AI is too expensive to replace someone’s job

Human are still cheaper than AI
Human are still cheaper than AI

A recent study from MIT has found that the technology might still be too expensive to replace some workers.

The researchers looked at the cost-effectiveness of automating tasks, focusing on roles that could use computer vision — a type of AI that derives information from images and video.

The study found that just under a quarter of the wages paid for vision tasks would be worth automating. In some cases, workers are still more economic because AI-assisted visual recognition technology is expensive to install and operate.

“We find that only 23% of worker compensation ‘exposed’ to AI computer vision would be cost-effective for firms to automate because of the large upfront costs of AI systems,” the researchers said in the paper.

The study is one of the first attempts to estimate which tasks are economic for US companies to automate.
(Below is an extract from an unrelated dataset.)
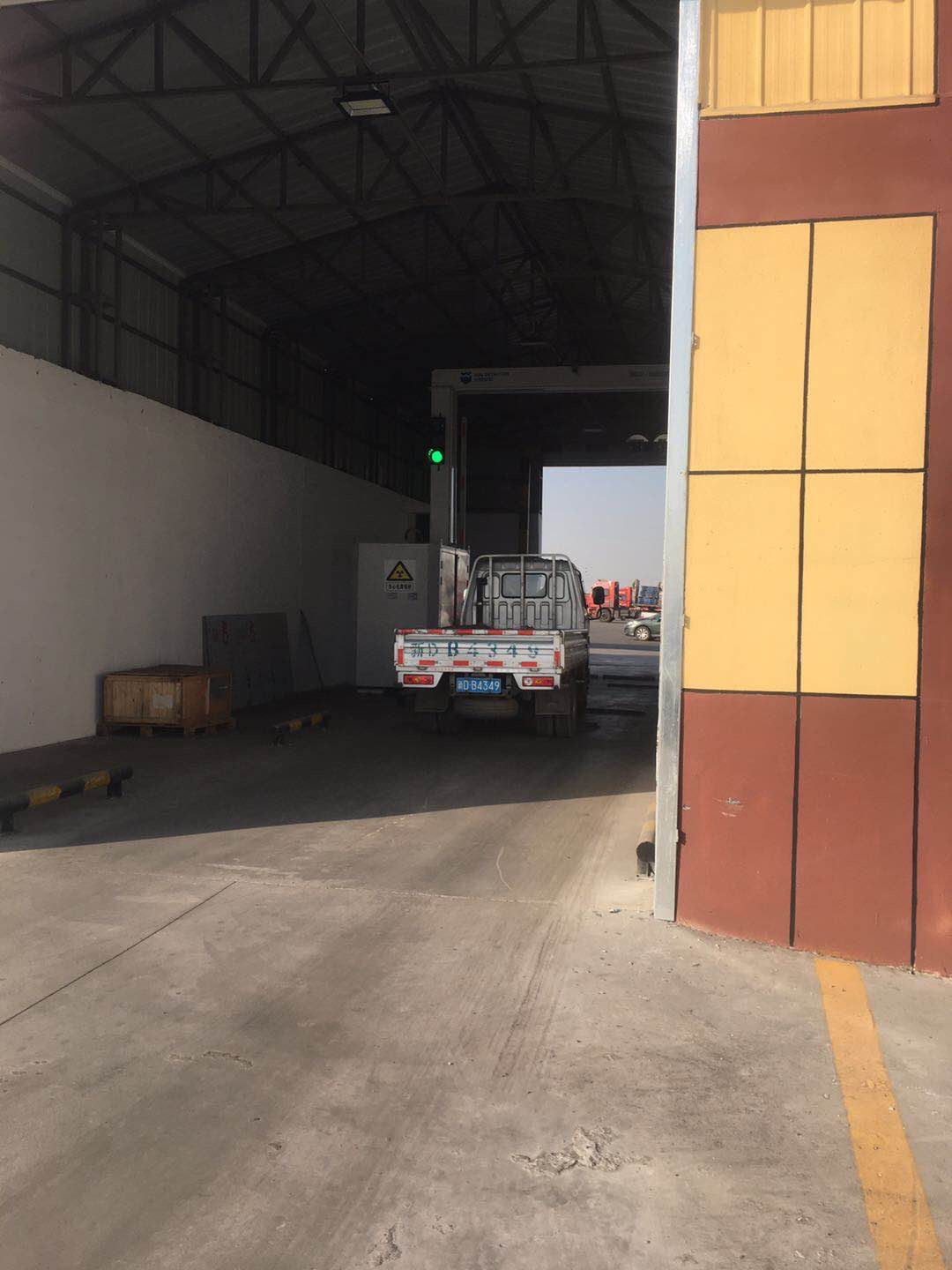 英吉沙工艺品产业园高速扫描大型货车X光<a href=http://www.safechk.com target=_blank class=infotextkey>安检</a>门<a href=http://www.safechk.com target=_blank class=infotextkey>安检</a>透视眼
While other research has sought to identify the tasks and roles most exposed to AI automation, those studies have largely neglected the economic implications of installing the technology.

“‘Machines will steal our jobs’ is a sentiment frequently expressed during times of rapid technological change. Such anxiety has re-emerged with the creation of large language models,” the MIT researchers said.

They observed that earlier predictions and studies were notably vague regarding the timeline and extent of automation. This was because these predictions did not directly factor in the technical feasibility or economic viability of AI systems. Instead, they relied on measures of similarity between tasks and AI capabilities to indicate exposure.